# Looking for a BJJ school



## Elfan (Apr 7, 2003)

I'm looking for a BJJ school in the Acton Mass. area. (suburb of Boston).  I was unable to find a school directory like kenponet has for Kenpo schools.  Does anyone have any reccmendations?

My main interst in grapling, so it doesn't have to be a BJJ school.  If any one kows of some guys who are good in the ground in the area that would be just as good.


----------



## James Kovacich (Apr 8, 2003)

> _Originally posted by Elfan _
> *I'm looking for a BJJ school in the Acton Mass. area. (suburb of Boston).  I was unable to find a school directory like kenponet has for Kenpo schools.  Does anyone have any reccmendations?
> 
> My main interst in grapling, so it doesn't have to be a BJJ school.  If any one kows of some guys who are good in the ground in the area that would be just as good. *



You'll probebly have to go into Boston. I practiced with a guy that was visiting Ca. and who was a BJJ student in Boston. I can't remember his scool. but it was in Boston.

Try this link:

http://www.bbjiujitsu.com/


----------



## Elfan (Apr 11, 2003)

Was the person you trained with in CA from "Boston BJJ" or did you find that site from the web?


----------



## James Kovacich (Apr 11, 2003)

> _Originally posted by Elfan _
> *Was the person you trained with in CA from "Boston BJJ" or did you find that site from the web? *



He was a resident of Boston and visiting his brother in Ca. I can't remember the school that he said he was from in Boston.

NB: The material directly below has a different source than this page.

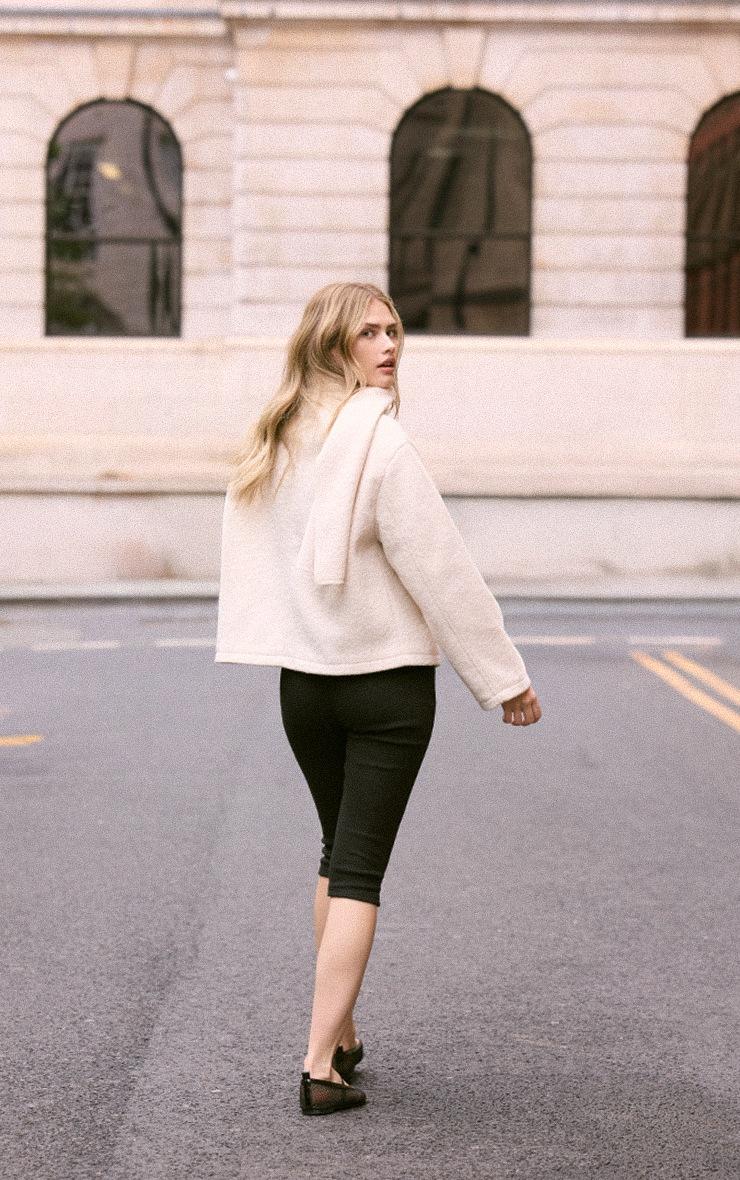 Pretty Little Thing Cream Boucle Scarf Coat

I did get that link off of the web.


----------



## A.R.K. (Apr 19, 2003)

I would recommend catch-as-catch-can submission wrestling. In my humble opinion it is superior to BJJ. Karl Gotch trained Matt Fury who in turn trained one of the Deputies on my shift. We cross train each other. Catch is brutal!

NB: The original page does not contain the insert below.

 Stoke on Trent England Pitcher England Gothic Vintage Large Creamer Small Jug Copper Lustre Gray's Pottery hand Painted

For example, they will not even teach you techique one until you can do 500 Hindu Squats, 250 Hindu push-ups and hold a back bridge with hands folded over your chest/nose to mat for 3 minutes. Then and only then are you ready to train. 

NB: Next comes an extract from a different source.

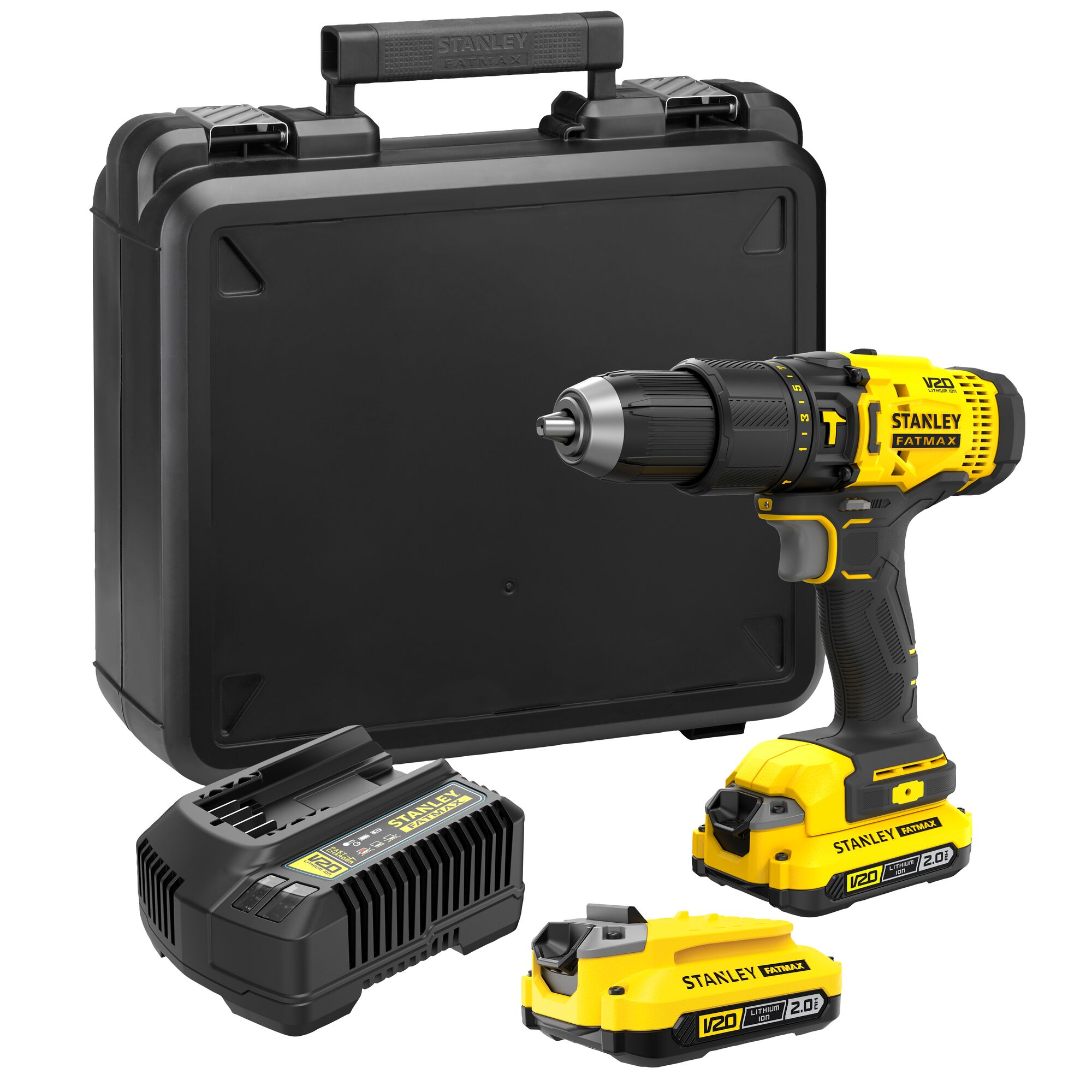 STANLEY SCD711D2K cordless drill set with case, charger, and two yellow V20 batteries, front angle.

Throw in my favorites...the handstand push-up and dynamic tension exercises like the tiger-claw, curl, whisking arm and palm press and you've got a well round butt kicking workout. 

Bottom line, I recommend catch wrestling if available if not then settle for BJJ. 

Good luck.
:asian:


----------



## twinkletoes (May 26, 2003)

I have met and rolled with guys from Boston BJJ and they are fantastic.  Go there if you have the chance--everyone I've met was also really classy to work with.

~Chris


----------



## Old Fat Kenpoka (May 27, 2003)

BJJ school directories:

BJJ.ORG
NHBGear.com visit the forum page.


----------